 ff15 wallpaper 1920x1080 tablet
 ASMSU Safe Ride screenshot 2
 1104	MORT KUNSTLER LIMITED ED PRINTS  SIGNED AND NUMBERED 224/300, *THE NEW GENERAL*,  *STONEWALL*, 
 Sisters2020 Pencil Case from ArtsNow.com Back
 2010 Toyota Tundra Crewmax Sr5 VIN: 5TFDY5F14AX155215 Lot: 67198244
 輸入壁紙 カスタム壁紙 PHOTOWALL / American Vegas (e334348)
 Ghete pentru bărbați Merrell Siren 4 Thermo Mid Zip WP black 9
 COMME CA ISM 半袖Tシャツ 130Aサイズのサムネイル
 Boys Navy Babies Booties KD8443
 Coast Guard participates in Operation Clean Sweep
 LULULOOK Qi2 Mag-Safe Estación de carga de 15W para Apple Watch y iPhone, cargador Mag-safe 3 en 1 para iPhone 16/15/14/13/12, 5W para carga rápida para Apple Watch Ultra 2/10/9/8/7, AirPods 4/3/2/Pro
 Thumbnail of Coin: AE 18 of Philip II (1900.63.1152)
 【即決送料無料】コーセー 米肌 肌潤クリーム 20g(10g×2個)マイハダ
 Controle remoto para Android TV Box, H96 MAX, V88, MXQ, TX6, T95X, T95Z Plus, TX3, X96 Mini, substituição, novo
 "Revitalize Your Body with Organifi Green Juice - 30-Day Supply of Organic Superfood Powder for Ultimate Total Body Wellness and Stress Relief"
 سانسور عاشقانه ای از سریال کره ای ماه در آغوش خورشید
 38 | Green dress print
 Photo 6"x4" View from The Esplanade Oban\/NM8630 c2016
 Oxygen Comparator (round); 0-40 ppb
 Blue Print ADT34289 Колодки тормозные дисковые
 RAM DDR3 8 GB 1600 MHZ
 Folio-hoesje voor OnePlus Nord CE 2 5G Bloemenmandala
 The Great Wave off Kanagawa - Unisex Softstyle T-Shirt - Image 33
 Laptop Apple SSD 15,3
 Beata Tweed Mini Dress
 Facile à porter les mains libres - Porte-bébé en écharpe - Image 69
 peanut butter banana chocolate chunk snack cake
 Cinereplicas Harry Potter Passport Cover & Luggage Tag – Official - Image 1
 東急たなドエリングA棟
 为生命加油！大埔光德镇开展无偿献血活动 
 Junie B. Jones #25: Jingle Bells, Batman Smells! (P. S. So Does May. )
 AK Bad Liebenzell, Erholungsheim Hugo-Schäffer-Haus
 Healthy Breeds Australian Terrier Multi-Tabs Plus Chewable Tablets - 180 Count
──────
◆ TASK BRIEF
Could you copy each line above word for word?

◆ WRITTEN ANSWER
 ff15 wallpaper 1920x1080 tablet
 ASMSU Safe Ride screenshot 2
 1104	MORT KUNSTLER LIMITED ED PRINTS  SIGNED AND NUMBERED 224/300, *THE NEW GENERAL*,  *STONEWALL*, 
 Sisters2020 Pencil Case from ArtsNow.com Back
 2010 Toyota Tundra Crewmax Sr5 VIN: 5TFDY5F14AX155215 Lot: 67198244
 輸入壁紙 カスタム壁紙 PHOTOWALL / American Vegas (e334348)
 Ghete pentru bărbați Merrell Siren 4 Thermo Mid Zip WP black 9
 COMME CA ISM 半袖Tシャツ 130Aサイズのサムネイル
 Boys Navy Babies Booties KD8443
 Coast Guard participates in Operation Clean Sweep
 LULULOOK Qi2 Mag-Safe Estación de carga de 15W para Apple Watch y iPhone, cargador Mag-safe 3 en 1 para iPhone 16/15/14/13/12, 5W para carga rápida para Apple Watch Ultra 2/10/9/8/7, AirPods 4/3/2/Pro
 Thumbnail of Coin: AE 18 of Philip II (1900.63.1152)
 【即決送料無料】コーセー 米肌 肌潤クリーム 20g(10g×2個)マイハダ
 Controle remoto para Android TV Box, H96 MAX, V88, MXQ, TX6, T95X, T95Z Plus, TX3, X96 Mini, substituição, novo
 "Revitalize Your Body with Organifi Green Juice - 30-Day Supply of Organic Superfood Powder for Ultimate Total Body Wellness and Stress Relief"
 سانسور عاشقانه ای از سریال کره ای ماه در آغوش خورشید
 38 | Green dress print
 Photo 6"x4" View from The Esplanade Oban\/NM8630 c2016
 Oxygen Comparator (round); 0-40 ppb
 Blue Print ADT34289 Колодки тормозные дисковые
 RAM DDR3 8 GB 1600 MHZ
 Folio-hoesje voor OnePlus Nord CE 2 5G Bloemenmandala
 The Great Wave off Kanagawa - Unisex Softstyle T-Shirt - Image 33
 Laptop Apple SSD 15,3
 Beata Tweed Mini Dress
 Facile à porter les mains libres - Porte-bébé en écharpe - Image 69
 peanut butter banana chocolate chunk snack cake
 Cinereplicas Harry Potter Passport Cover & Luggage Tag – Official - Image 1
 東急たなドエリングA棟
 为生命加油！大埔光德镇开展无偿献血活动 
 Junie B. Jones #25: Jingle Bells, Batman Smells! (P. S. So Does May. )
 AK Bad Liebenzell, Erholungsheim Hugo-Schäffer-Haus
 Healthy Breeds Australian Terrier Multi-Tabs Plus Chewable Tablets - 180 Count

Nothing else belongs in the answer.